Monday, November 28, 2016


The earliest known button, writes Ian McNeil in An Encyclopedia of the History of Technology, "was originally used more as an ornament than as a fastening, the earliest known being found at Mohenjo-daro in the Indus Valley [now Pakistan]. It is made of a curved shell and about 5000 years old." Early buttons like these usually consisted of a decorative flat face that fit into a loop. (Reinforced buttonholes weren’t invented until the mid-13th century). Percent% Buttons in this period almost never appeared in straight rows, but were used singly as sartorial flourishes.

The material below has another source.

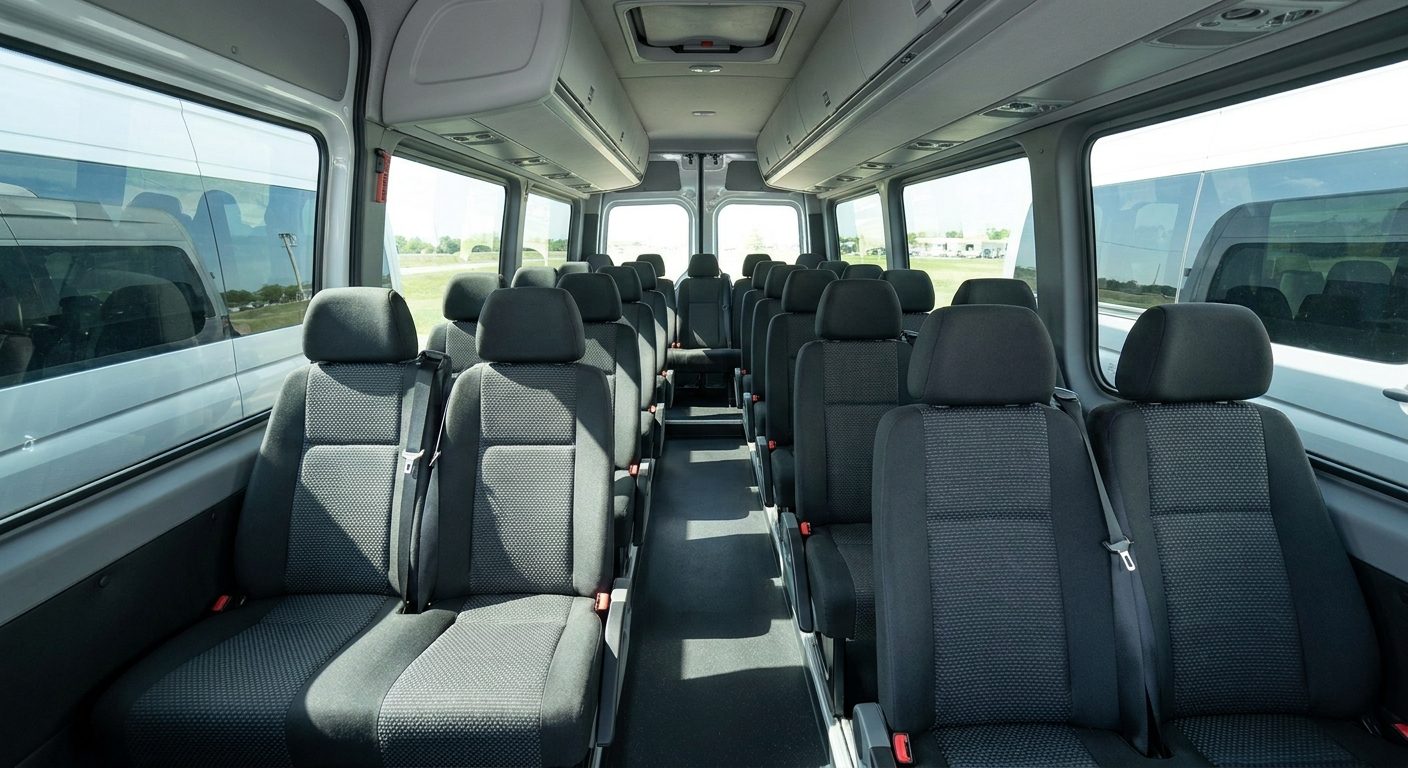 clean-shuttle-van-interior-with-rows-of-seating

Copper alloy from Bronze Age or early Iron Age
Along with brooches, buckles, and straight pins, buttons were used in ancient Rome as decorative closures for flowing garments. However, none of these options worked perfectly. Pins poked unsightly holes into precious fabrics. Supporting yards of cloth at a single point required buttons of architectural heft, made of bone, horn, bronze or wood. Some designs took the functional pressure off buttons by knotting the fabric securely into position, then topping off the look with a purely ornamental button.

(Incidentally, as a button alternative, Mycenaeans of the Roman era invented the fibula, a surprisingly modern forerunner to our safety pin. This design was lost with them until it re-emerged in mid-19th century America.)

The button became more prominent among the wealthy in the Middle Ages.  “About the middle of the eleventh century,” writes Carl K√∂hler in A History of Costume, “clothes began to be made so close-fitting that they followed the lines of the body from shoulders to hips like a glove.” Buttons helped that snug fit along. This didn’t mean clothes were cut more sparingly; wealthy people still liked the costly display of excess fabric. But, on both men’s clothes and women’s, buttons helped accentuate lovely lines, of the arm, say, or the bosom.

Spanish metal buttons dating about 1650 to 1675

The first button-makers guild formed in France in 1250. Still regarded as less-than-functional jewelry, buttons were so prized that sumptuary laws restricted their use. Books, Banks, Buttons and Other Inventions from the Middle Ages by Chiara Frugoni relates how, in a period tale, a magistrate quizzed a woman overly bedecked in buttons.

Buttons came in all shapes and sizes, but most often they were mounted on a shank; you ran thread through the shank’s hole to attach the button to fabric. Unlike modern buttons with their iconic four-square holes, the shank style left the button’s face totally free: a tiny blank canvas one could cover, carve, polish, or paint with luxurious abandon.
Abe Lincoln campaign button
The medieval period was the era when wearing lots of buttons meant big money. Franco Jacassi, reputedly the world’s biggest button-collector, describes this as a time when you could pay off a debt by plucking a precious button from your suit. Italians still describe the rooms where powerful leaders meet as stanze dei bottoni, “rooms of the buttons.”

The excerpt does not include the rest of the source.